- Born: 1845 Margaree Forks, Nova Scotia
- Died: November 15, 1882 (aged 36–37) Port Hood, Nova Scotia
- Education: Harvard College
- Occupations: Physician, politician
- Known for: Representing Inverness County in the Nova Scotia House of Assembly
- Spouse: Elizabeth Smyth (m. 1874)
- Children: Peter Smyth Campbell

= Duncan J. Campbell =

Canadian politician

Duncan J. Campbell (1845 - November 15, 1882) was a medical doctor and political figure in Nova Scotia, Canada.
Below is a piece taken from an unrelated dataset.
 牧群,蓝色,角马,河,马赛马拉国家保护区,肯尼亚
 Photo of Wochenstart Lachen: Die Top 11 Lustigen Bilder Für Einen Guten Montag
He represented Inverness County in the Nova Scotia House of Assembly from 1872 to 1883 as a Conservative member.

He was born in Margaree Forks, Nova Scotia. He was the son of Samuel Campbell and Ann McDonald. Campbell was educated at Harvard College. He was first elected to the provincial assembly in an 1872 by-election held after S. McDonnell resigned from his seat. In 1874, he married Elizabeth Smyth, the daughter of Peter Smyth, who had previously sat for Inverness in the provincial assembly. Campbell died in office at Port Hood.

His son Peter Smyth Campbell later served as Deputy Minister of Health for the province.